[Crawled caption data]
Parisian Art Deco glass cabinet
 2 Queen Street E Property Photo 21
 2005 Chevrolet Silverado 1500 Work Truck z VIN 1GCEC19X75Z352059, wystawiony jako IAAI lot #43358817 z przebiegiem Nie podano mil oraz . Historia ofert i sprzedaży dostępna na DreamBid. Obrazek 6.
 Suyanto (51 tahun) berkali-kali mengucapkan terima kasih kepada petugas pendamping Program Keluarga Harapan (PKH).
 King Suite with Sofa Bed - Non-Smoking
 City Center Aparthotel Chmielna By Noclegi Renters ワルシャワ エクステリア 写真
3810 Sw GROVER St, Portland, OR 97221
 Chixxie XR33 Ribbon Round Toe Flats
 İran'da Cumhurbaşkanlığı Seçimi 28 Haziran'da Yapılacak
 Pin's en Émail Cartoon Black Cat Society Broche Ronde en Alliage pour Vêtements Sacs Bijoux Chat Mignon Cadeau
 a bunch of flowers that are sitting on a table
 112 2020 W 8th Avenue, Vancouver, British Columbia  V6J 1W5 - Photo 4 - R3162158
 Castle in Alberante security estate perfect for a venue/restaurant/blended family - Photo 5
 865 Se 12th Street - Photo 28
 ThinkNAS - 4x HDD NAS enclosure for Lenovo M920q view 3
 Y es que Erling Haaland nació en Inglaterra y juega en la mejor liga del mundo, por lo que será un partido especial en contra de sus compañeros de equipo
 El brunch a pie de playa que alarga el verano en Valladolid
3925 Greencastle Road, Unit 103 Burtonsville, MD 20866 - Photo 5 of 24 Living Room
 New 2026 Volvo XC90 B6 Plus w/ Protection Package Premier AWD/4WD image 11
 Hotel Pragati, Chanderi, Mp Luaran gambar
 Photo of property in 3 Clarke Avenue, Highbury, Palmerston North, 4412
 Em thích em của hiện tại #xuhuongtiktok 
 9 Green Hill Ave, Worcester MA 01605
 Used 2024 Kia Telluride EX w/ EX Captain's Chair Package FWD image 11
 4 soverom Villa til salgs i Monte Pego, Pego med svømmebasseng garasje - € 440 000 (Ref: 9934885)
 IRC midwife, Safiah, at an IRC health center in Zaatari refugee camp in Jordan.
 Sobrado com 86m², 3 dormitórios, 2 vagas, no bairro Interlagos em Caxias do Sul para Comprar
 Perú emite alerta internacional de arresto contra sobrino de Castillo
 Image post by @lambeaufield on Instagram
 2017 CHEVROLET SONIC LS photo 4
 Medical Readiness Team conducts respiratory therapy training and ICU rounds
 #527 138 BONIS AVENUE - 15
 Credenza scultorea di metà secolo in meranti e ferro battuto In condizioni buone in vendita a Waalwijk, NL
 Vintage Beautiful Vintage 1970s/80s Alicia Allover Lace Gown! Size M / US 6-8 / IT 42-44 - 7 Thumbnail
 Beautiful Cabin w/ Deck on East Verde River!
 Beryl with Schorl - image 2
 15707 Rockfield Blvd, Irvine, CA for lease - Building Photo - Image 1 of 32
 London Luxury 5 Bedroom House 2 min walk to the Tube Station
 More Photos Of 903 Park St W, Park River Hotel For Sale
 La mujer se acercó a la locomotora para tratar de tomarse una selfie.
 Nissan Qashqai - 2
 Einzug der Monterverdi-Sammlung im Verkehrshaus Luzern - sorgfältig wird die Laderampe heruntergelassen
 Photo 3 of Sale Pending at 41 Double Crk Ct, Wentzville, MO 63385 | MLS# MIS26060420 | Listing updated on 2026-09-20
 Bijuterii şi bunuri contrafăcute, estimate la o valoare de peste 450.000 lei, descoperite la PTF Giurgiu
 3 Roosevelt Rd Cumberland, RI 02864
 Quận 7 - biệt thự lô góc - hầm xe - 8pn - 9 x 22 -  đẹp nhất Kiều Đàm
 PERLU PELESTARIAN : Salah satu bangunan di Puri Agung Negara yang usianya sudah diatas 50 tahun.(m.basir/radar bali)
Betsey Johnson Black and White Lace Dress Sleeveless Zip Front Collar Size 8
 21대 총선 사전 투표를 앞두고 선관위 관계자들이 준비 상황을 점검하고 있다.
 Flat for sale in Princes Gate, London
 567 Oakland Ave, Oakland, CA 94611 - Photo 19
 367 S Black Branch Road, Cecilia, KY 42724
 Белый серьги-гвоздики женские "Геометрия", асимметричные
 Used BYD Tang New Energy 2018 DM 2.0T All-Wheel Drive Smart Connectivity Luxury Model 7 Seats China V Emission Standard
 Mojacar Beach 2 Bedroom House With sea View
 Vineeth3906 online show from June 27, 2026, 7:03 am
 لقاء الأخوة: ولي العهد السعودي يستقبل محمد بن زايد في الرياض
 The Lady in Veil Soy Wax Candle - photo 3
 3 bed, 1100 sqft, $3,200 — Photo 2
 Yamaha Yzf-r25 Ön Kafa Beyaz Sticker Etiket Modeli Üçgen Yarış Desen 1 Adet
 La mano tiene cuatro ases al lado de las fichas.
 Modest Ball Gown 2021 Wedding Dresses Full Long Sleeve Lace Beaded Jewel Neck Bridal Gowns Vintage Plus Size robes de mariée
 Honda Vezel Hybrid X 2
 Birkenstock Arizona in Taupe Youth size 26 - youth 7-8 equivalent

■ **DIRECTIONS**: Select every line above that contains the word "Road", and copy it.

■ **YOUR RESPONSE**:
3925 Greencastle Road, Unit 103 Burtonsville, MD 20866 - Photo 5 of 24 Living Room
 367 S Black Branch Road, Cecilia, KY 42724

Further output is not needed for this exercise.